SQL Transactions

Transactions in SQL Server are very useful, however I have come across that not many people use them. Not sure why this could be, so thought I would share how transactions work and the different modes.

A transaction is a single unit of work. If a transaction is successful, all of the data modifications made during the transaction are committed and become a permanent part of the database. If a transaction encounters errors and must be canceled or rolled back, then all of the data modifications are erased.

SQL Server operates in the following transaction modes:
Autocommit transactions
Each individual statement is a transaction.

Explicit transactions
Each transaction is explicitly started with the BEGIN TRANSACTION statement and explicitly ended with a COMMIT or ROLLBACK statement.

Implicit transactions
A new transaction is implicitly started when the prior transaction completes, but each transaction is explicitly completed with a COMMIT or ROLLBACK statement.

Batch-scoped transactions
Applicable only to multiple active result sets (MARS), a Transact-SQL explicit or implicit transaction that starts under a MARS session becomes a batch-scoped transaction. A batch-scoped transaction that is not committed or rolled back when a batch completes is automatically rolled back by SQL Server.

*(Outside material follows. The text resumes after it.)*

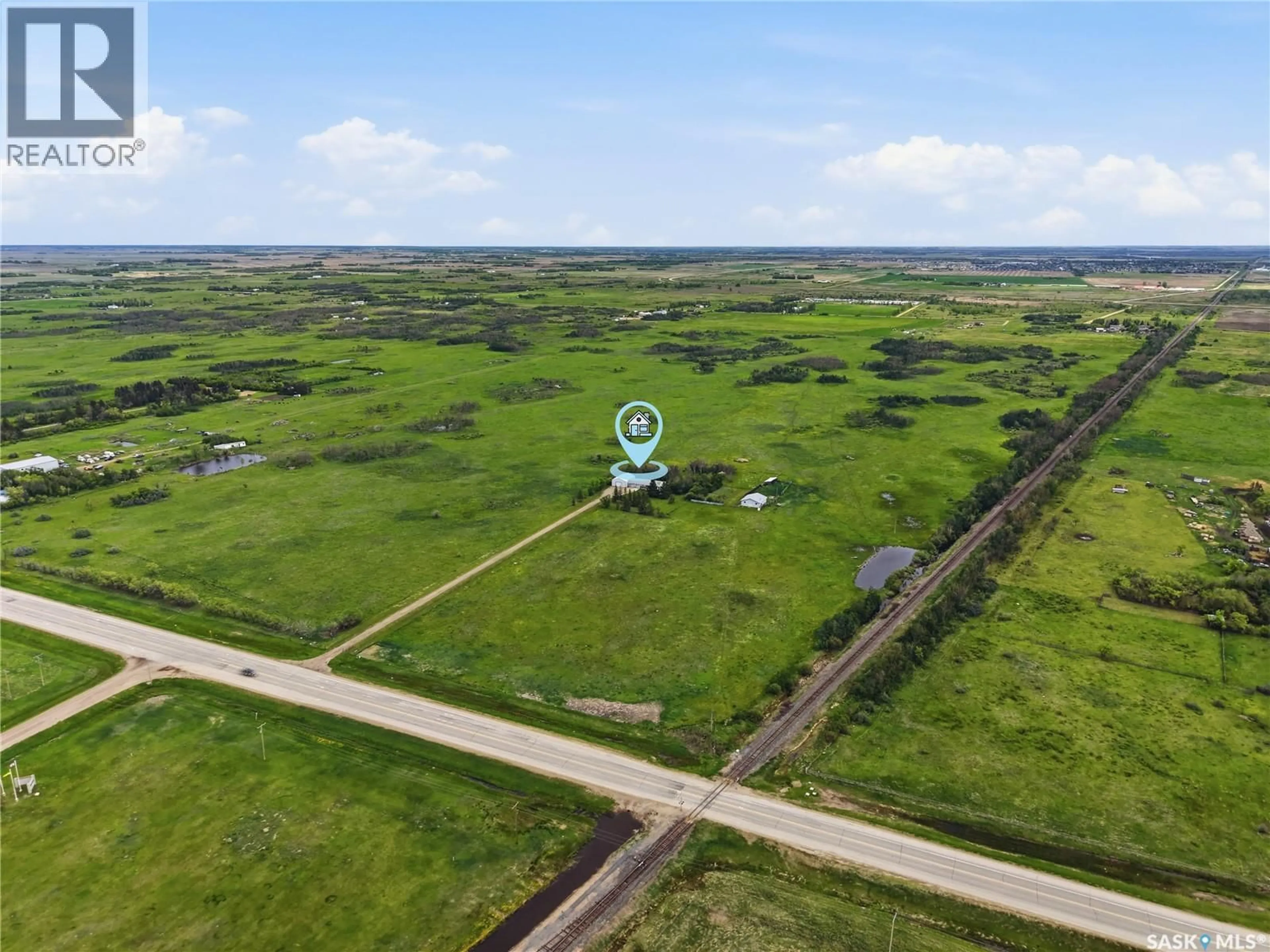 A pic from outside/outdoor area/front of a property/back of a property/a pic from drone, unknown for FRIESEN ACREAGE, Corman Park Rm No. 344 Saskatchewan S0K2T0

From my experience Explicit transactions are the most commonly used out of all the different modes.

Distributed Transactions:
You can use Distributed transactions which specifies the start of a SQL distributed transaction managed by Microsoft Distributed Transaction Coordinator (MS DTC). This is only applicable to SQL Server and no Azure. Transaction-level snapshot isolation does not support distributed transactions.

Is a user-defined transaction name used to track the distributed transaction within MS DTC utilities. transaction_name must conform to the rules for identifiers and must be <= 32 characters.

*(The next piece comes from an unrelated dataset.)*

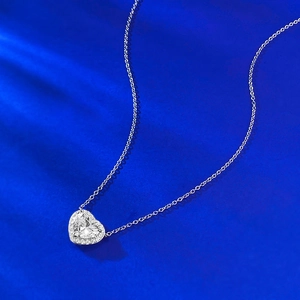 Elegant S925 silver heart pendant necklace with shimmering zircon stones on blue background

Is the name of a user-defined variable containing a transaction name used to track the distributed transaction within MS DTC utilities. The variable must be declared with a char, varchar, nchar, or nvarchar data type.

The instance of the SQL Server Database Engine executing the BEGIN DISTRIBUTED TRANSACTION statement is the transaction originator and controls the completion of the transaction. When a subsequent COMMIT TRANSACTION or ROLLBACK TRANSACTION statement is issued for the session, the controlling instance requests that MS DTC manage the completion of the distributed transaction across all of the instances involved.

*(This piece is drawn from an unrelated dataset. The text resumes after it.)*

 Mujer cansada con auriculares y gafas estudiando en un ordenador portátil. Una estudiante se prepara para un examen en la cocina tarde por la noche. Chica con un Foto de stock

For example, if BEGIN DISTRIBUTED TRANSACTION is issued on ServerA, the session calls a stored procedure on ServerB and another stored procedure on ServerC. The stored procedure on ServerC executes a distributed query against ServerD, and then all four computers are involved in the distributed transaction. The instance of the Database Engine on ServerA is the originating controlling instance for the transaction.

USE AdventureWorks2012;  
-- Delete candidate from local instance.  
DELETE AdventureWorks2012.HumanResources.JobCandidate  
    WHERE JobCandidateID = 13;  
-- Delete candidate from remote instance.  
DELETE RemoteServer.AdventureWorks2012.HumanResources.JobCandidate  
    WHERE JobCandidateID = 13;  

Begin Transaction
Marks the starting point of an explicit, local transaction. Explicit transactions start with the BEGIN TRANSACTION statement and end with the COMMIT or ROLLBACK statement. BEGIN TRANSACTION increments @@TRANCOUNT by 1.

BEGIN TRANSACTION represents a point at which the data referenced by a connection is logically and physically consistent. If errors are encountered, all data modifications made after the BEGIN TRANSACTION can be rolled back to return the data to this known state of consistency. Each transaction lasts until either it completes without errors and COMMIT TRANSACTION is issued to make the modifications a permanent part of the database, or errors are encountered and all modifications are erased with a ROLLBACK TRANSACTION statement.

Although BEGIN TRANSACTION starts a local transaction, it is not recorded in the transaction log until the application subsequently performs an action that must be recorded in the log, such as executing an INSERT, UPDATE, or DELETE statement.

Naming multiple transactions in a series of nested transactions with a transaction name has little effect on the transaction. Only the first (outermost) transaction name is registered with the system. A rollback to any other name (other than a valid save point name) generates an error. None of the statements executed before the rollback is, in fact, rolled back at the time this error occurs. The statements are rolled back only when the outer transaction is rolled back.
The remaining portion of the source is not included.